Annette Fürstenberg ist eine Kollegin, die weiß, wo es langgeht – und die in ihrem Job viel bewegt: Seit 20 Jahren arbeitet sie als Fuhrparkleiterin in der Region Oberhavel.

 

Wenn morgens um sechs kein Fahrzeug auf dem Hof steht, ist das für Annette Fürstenberg ein guter Start in den Tag: „Dann weiß ich: Alle Kollegen sind gesund und die Flotte rollt.“ Im brandenburgischen Velten verantwortet die 59-Jährige die Fuhrparks der AWU Abfallwirtschafts-Union Oberhavel GmbH – ein Beteiligungsunternehmen der ALBA Group – und der AWU-Tochter Grunske Metall Recycling GmbH.

Von klassischen Presswagen und Container-Lkw über Kehrmaschinen bis zu Fäkalienabsaugfahrzeugen – insgesamt ist Annette Fürstenberg für 90 Fahrzeuge zuständig, außerdem für 133 Kraftfahrer und acht Disponenten. Sie managt die technische Kontrolle der Flotte genauso wie den Ein- und Verkauf sowie die Kostenüberwachung. An erster Stelle stehen jedoch immer die Mitarbeiter: „Das Unternehmen lebt von den Menschen, nicht von den Fahrzeugen“, so Fürstenberg. Was ihre Teams bei jedem Wetter schaffen, um eine ordnungsgemäße Entsorgung der Abfälle sicherzustellen, sei die wahre Leistung. „Deshalb haben wir doch alle mal hier angefangen. Um den Recyclinggedanken zu leben und die Welt für künftige Generationen zu erhalten.“

 

Mit Mut und Gestaltungswillen

Weibliche Führungskräfte wie Annette Fürstenberg sind in der Abfallbranche noch immer die Ausnahme. Umso passender der Spruch, der in ihrem Büro hängt: „Suche fünf fleißige Männer oder eine Frau.“ Als die zweifache Mutter 1992 bei der AWU Oberhavel einstieg, zunächst in der Mahnbuchhaltung, nahm sie sich vor, etwas zu bewegen. Gesagt, getan: Nach mehreren Stationen im Unternehmen wechselte sie in den Bereich des Technischen Leiters, um 1999 selbst die Leitung des AWU-Fuhrparks zu übernehmen. 2012 schließlich kam die Fuhrparkleitung bei der Grunske-Metall Recycling GmbH hinzu.

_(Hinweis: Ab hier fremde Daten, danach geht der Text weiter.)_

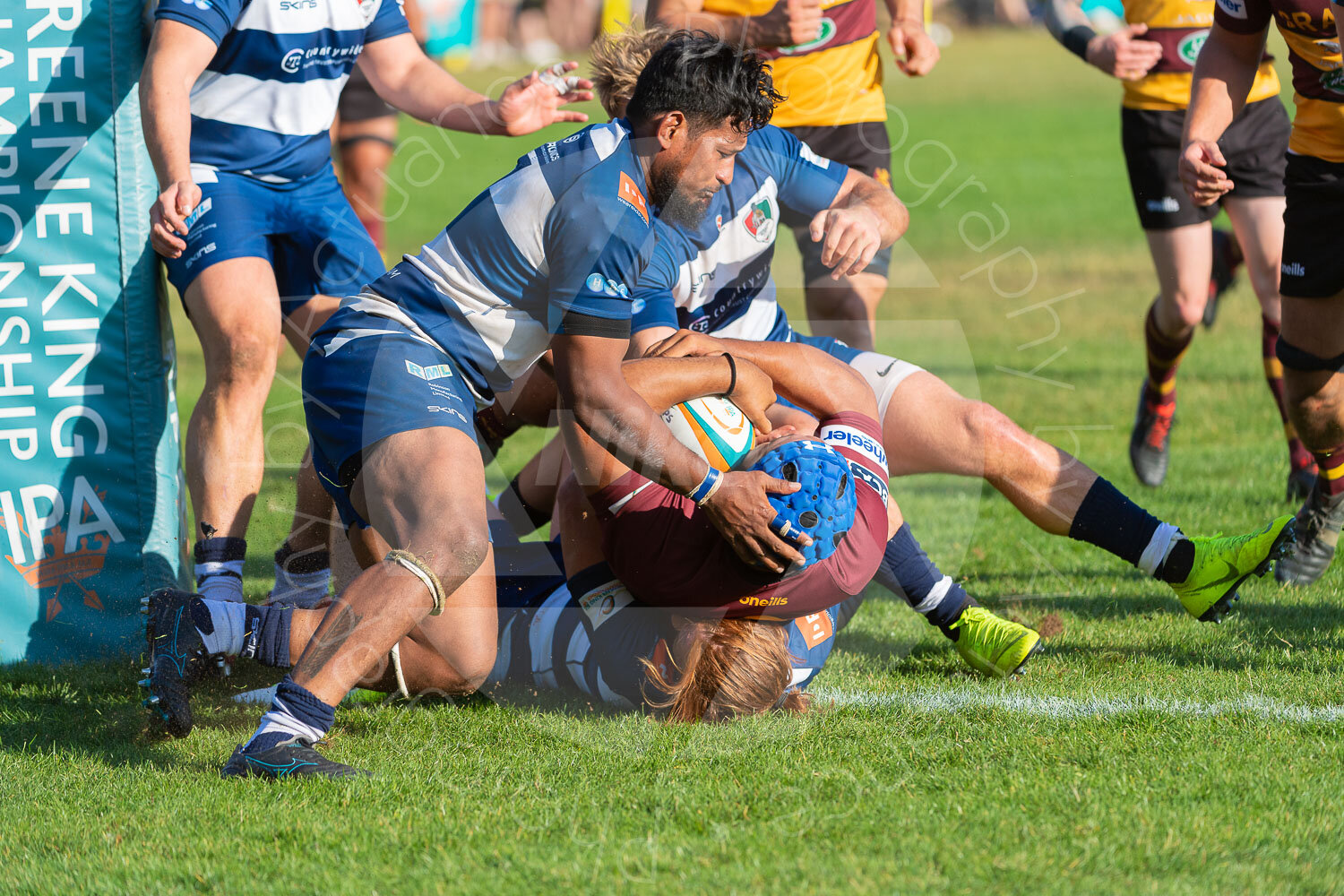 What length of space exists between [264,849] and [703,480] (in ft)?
4.44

Bewegt hat sie einiges in ihrer Position. Unter anderem führte Annette Fürstenberg bereits im Jahr 2000 erstmals Seitenlader für die kommunale Altpapier- und Restabfallsammlung ein. Und stellte erst kürzlich ein neues Projekt für die Weiterbildung der Mitarbeiter auf die Beine: Anfang 2018 öffnete das Interdisziplinäre Ausbildungszentrum für Verkehr und Entsorgung seine Tore, kurz IAZ Oberhavel. „Hier schulen wir genau das, was in der Unternehmensfamilie gebraucht wird“, erklärt die Initiatorin, die das IAZ heute gemeinsam mit Göran Kronberg führt. Ihr nächstes Ziel: ein Fahrsimulator, mit dem die Kraftfahrer auch kritische Situationen im Straßenverkehr in Echtzeit trainieren können.

Der perfekte Ausgleich

Unternehmen und Familie – das gehört bei Annette Fürstenberg eng zusammen. Bereits ihr Vater war bei ALBA beschäftigt, und ihr Sohn arbeitet als Fahrschullehrer im IAZ Oberhavel. Ihre Freizeit verbringt sie gern zu Hause in Liebenwalde mit ihrem Mann und, wann immer es geht, mit Kindern und Enkelkindern.
Für Annette Fürstenberg ist das „der perfekte Ausgleich im Leben“.